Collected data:
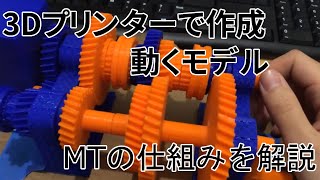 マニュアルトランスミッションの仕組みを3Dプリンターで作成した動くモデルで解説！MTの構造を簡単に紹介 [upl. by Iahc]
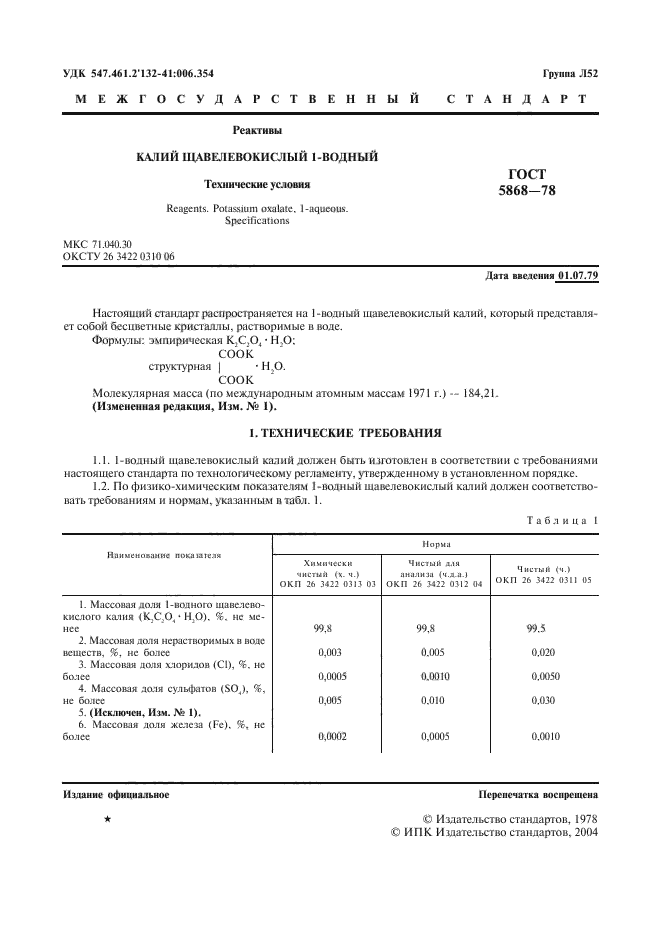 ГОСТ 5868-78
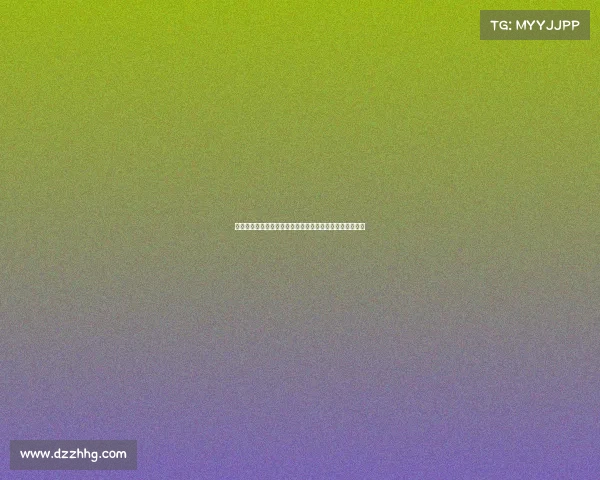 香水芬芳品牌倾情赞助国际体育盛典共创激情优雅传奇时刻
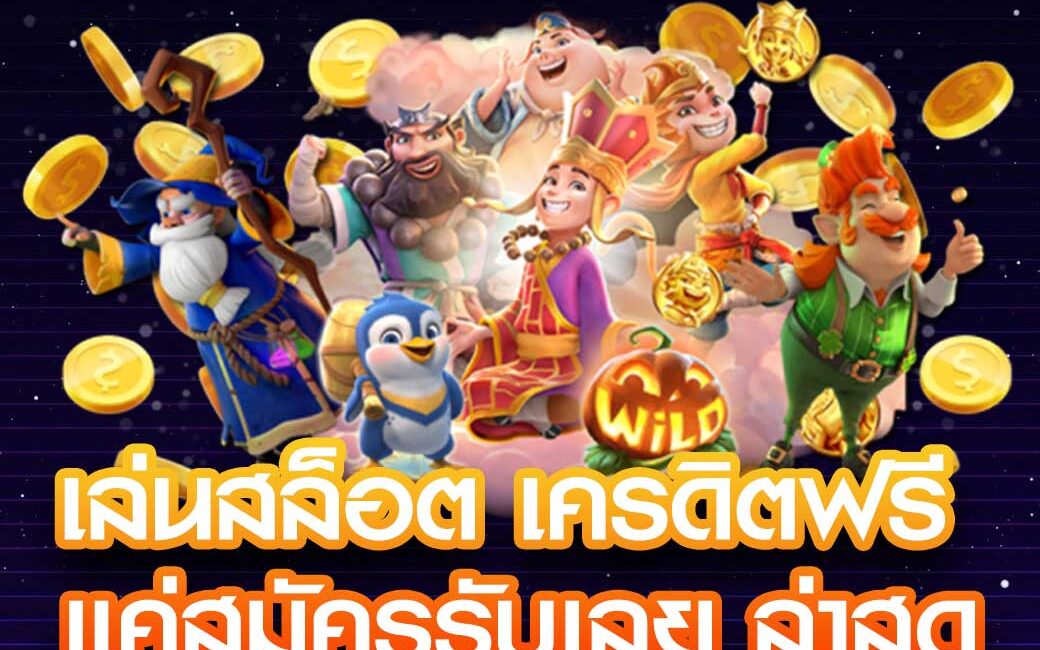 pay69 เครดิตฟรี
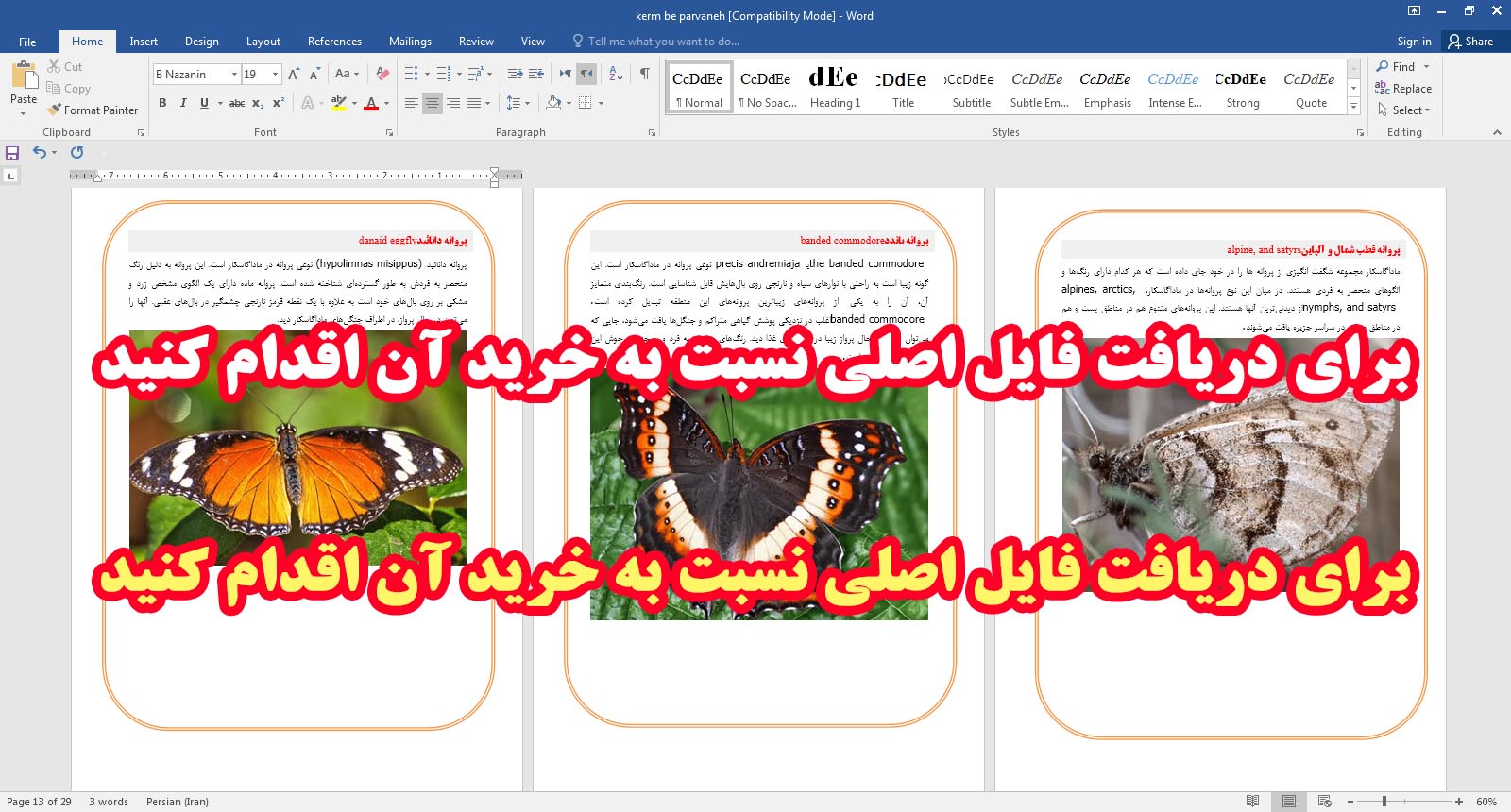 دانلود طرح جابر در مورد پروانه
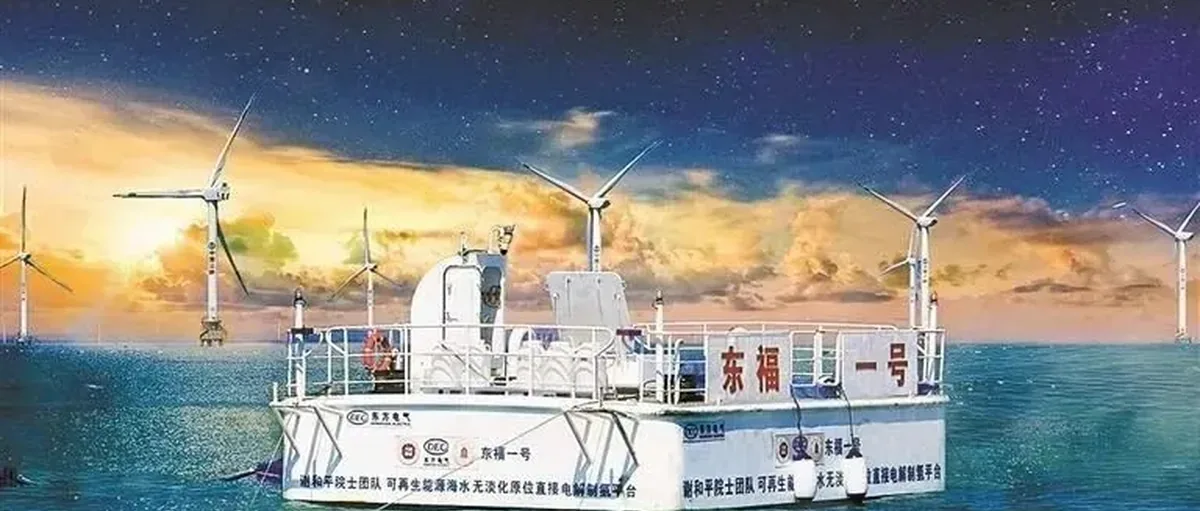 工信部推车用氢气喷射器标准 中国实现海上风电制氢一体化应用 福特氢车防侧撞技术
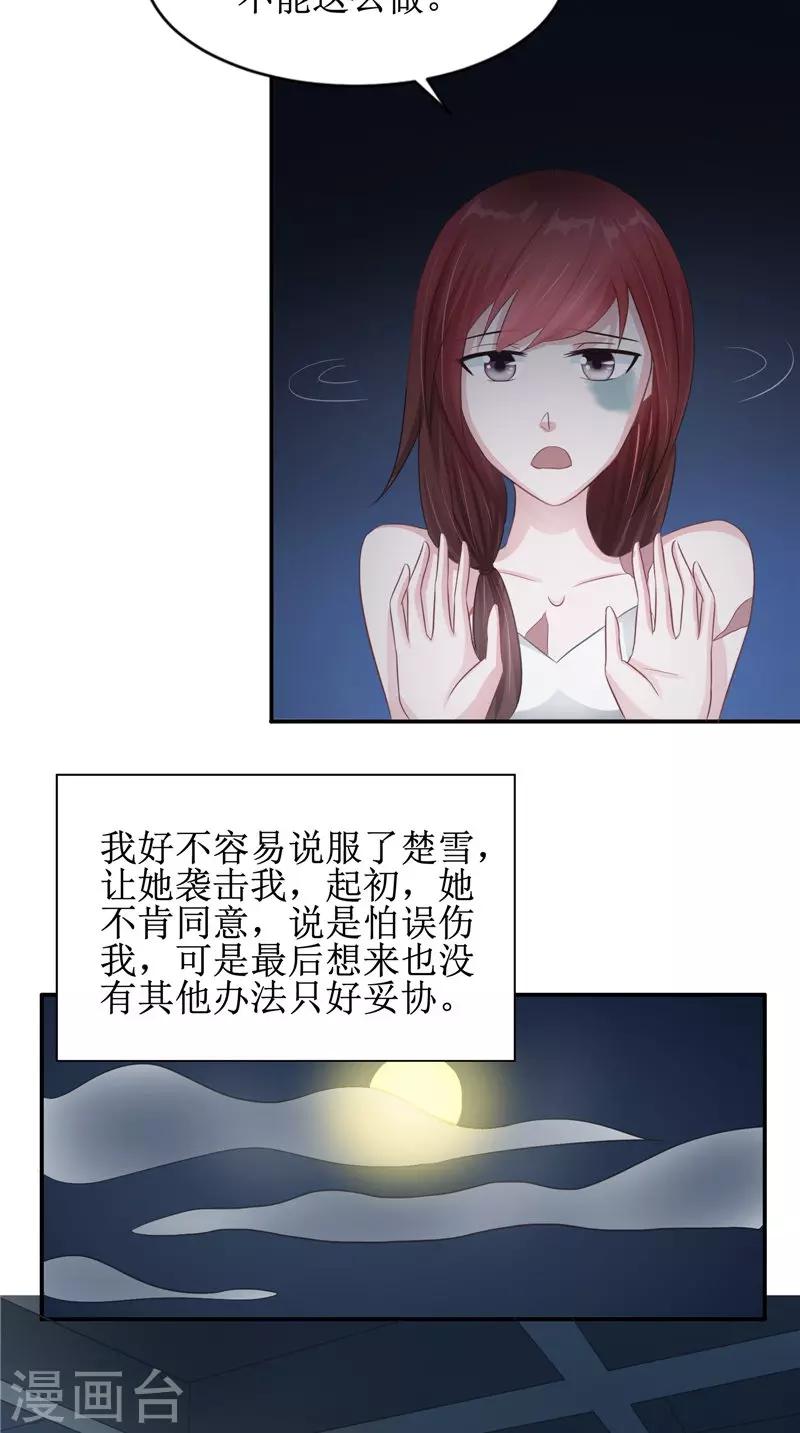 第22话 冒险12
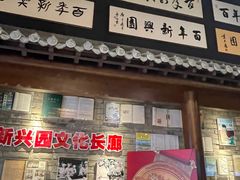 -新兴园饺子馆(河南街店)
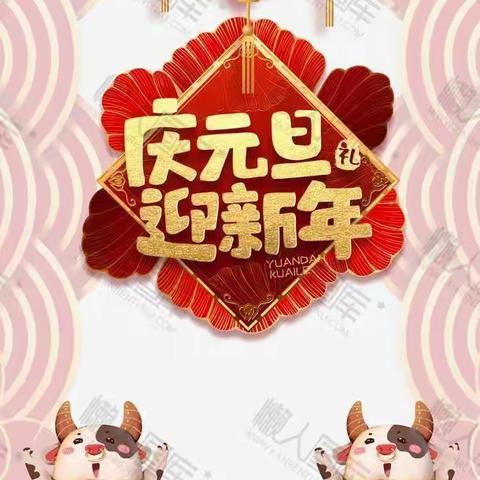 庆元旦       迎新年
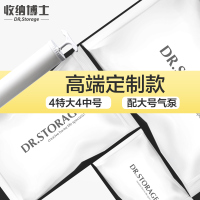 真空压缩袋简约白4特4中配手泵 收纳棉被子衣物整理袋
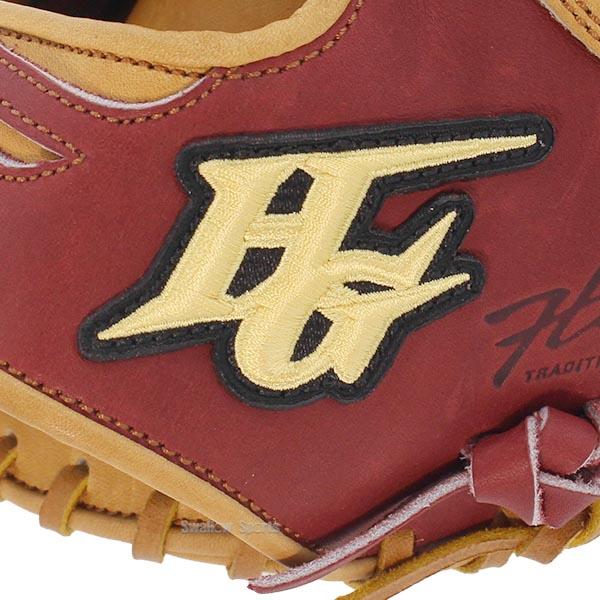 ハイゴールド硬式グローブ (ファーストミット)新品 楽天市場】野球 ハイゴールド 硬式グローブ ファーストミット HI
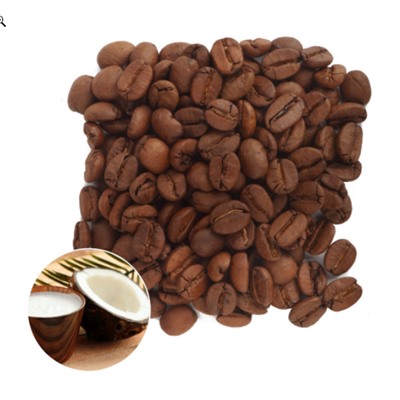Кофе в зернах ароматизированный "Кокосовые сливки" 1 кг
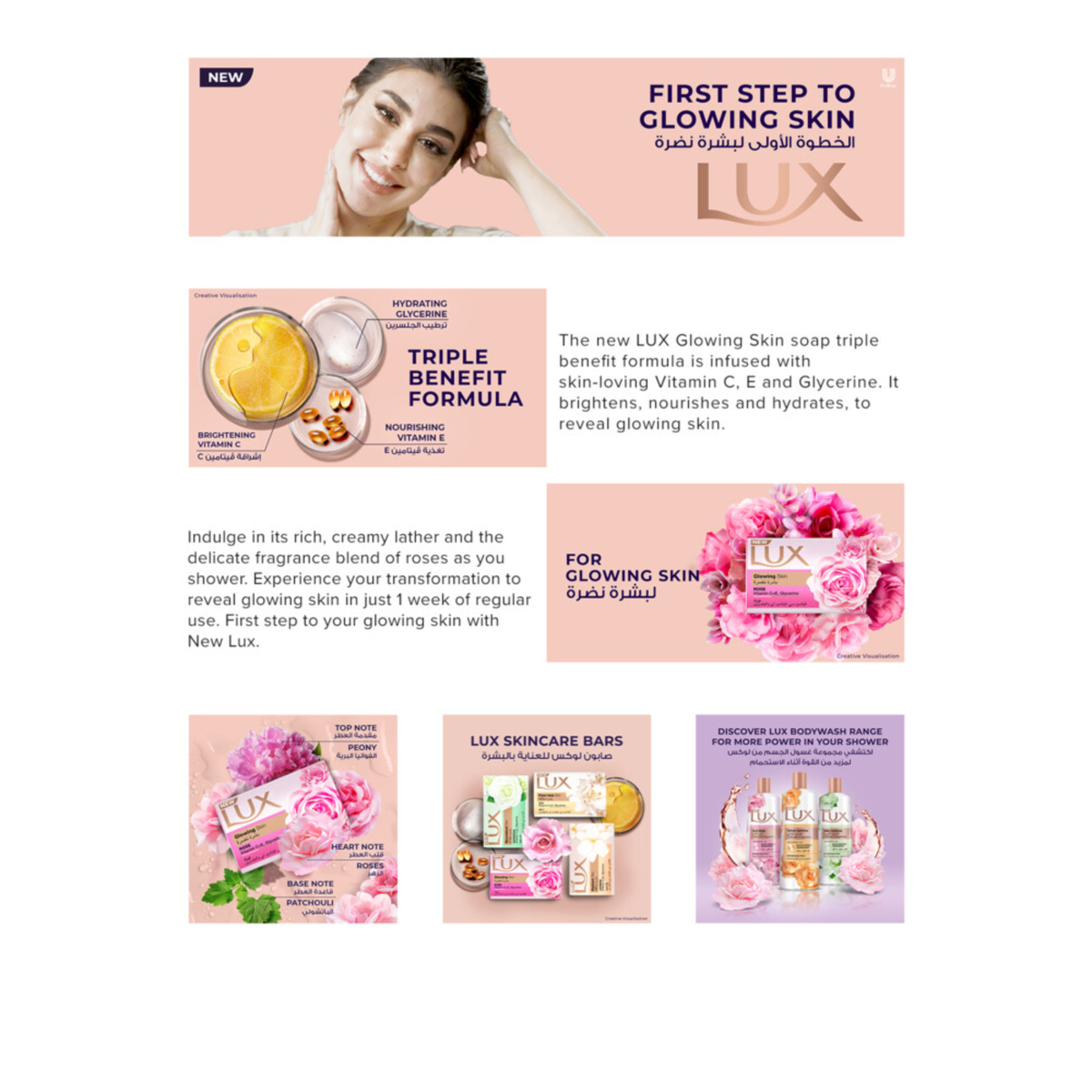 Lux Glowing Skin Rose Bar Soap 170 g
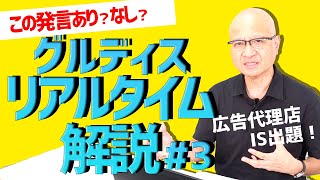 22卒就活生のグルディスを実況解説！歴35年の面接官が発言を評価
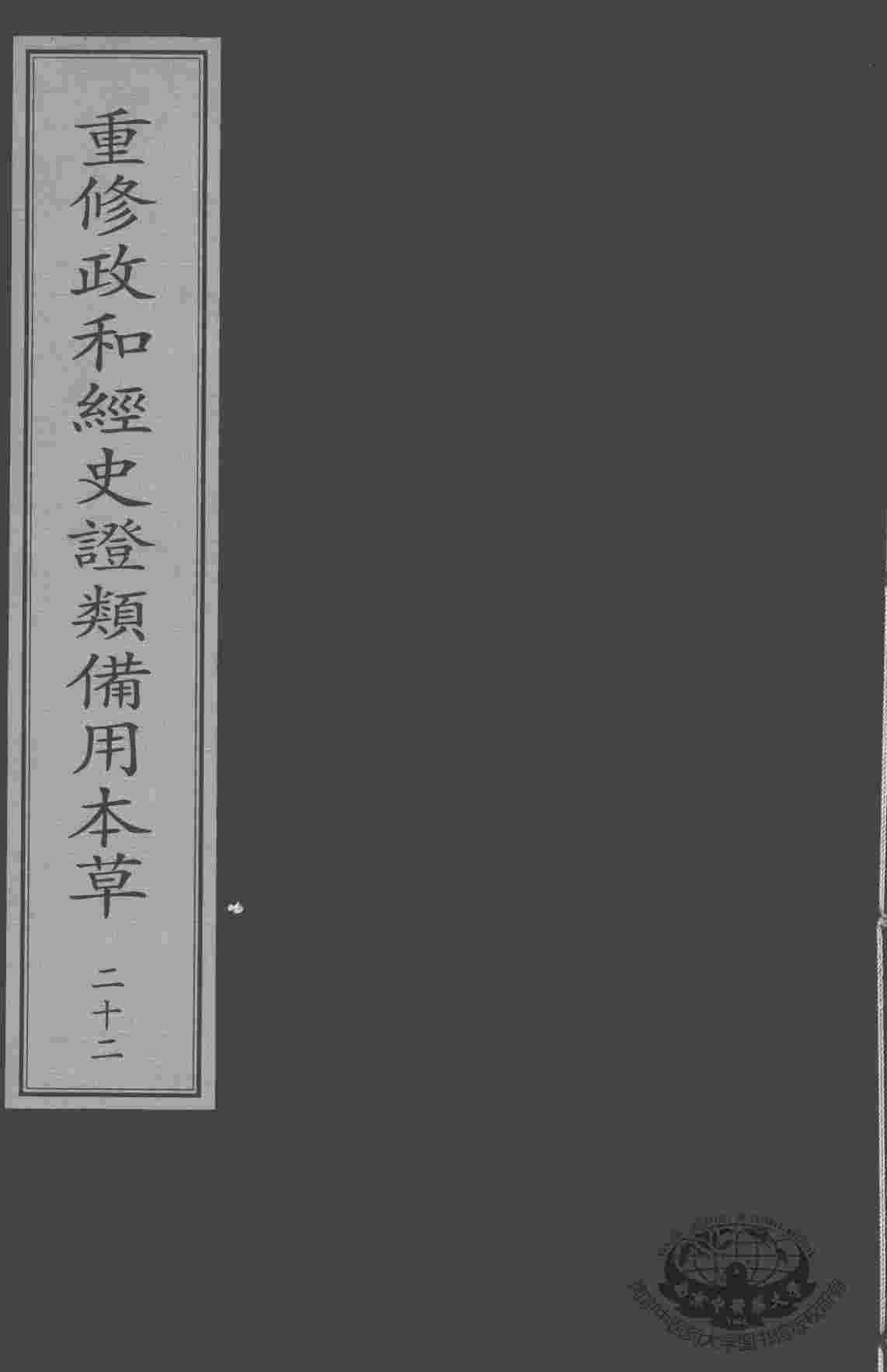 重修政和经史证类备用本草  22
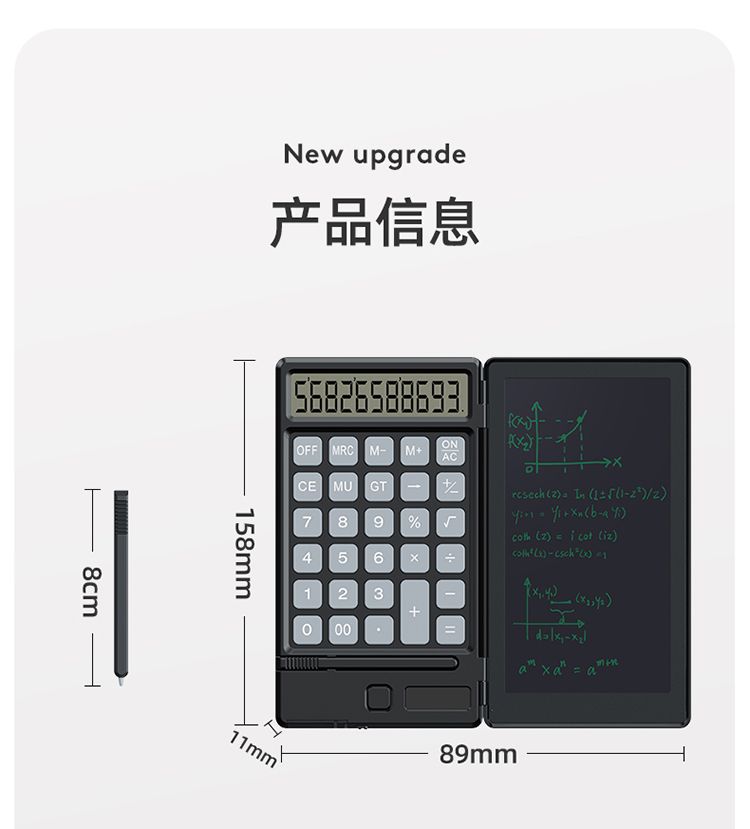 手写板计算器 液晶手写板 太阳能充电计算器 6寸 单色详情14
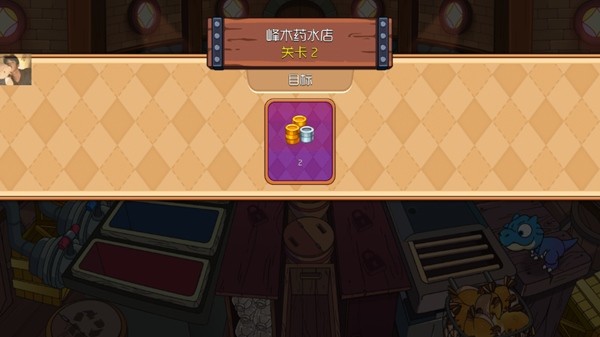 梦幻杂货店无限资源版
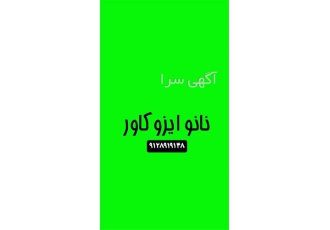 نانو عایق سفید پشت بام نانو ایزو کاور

_DIRECTIONS FOR THIS TASK_. Reproduce verbatim every line starting at the line that holds "Кофе в зернах" and ending with the final line of the data; omit the pictures.

_YOUR SOLUTION_.
Кофе в зернах ароматизированный "Кокосовые сливки" 1 кг
 Lux Glowing Skin Rose Bar Soap 170 g
 22卒就活生のグルディスを実況解説！歴35年の面接官が発言を評価
 重修政和经史证类备用本草  22
 手写板计算器 液晶手写板 太阳能充电计算器 6寸 单色详情14
 梦幻杂货店无限资源版
 نانو عایق سفید پشت بام نانو ایزو کاور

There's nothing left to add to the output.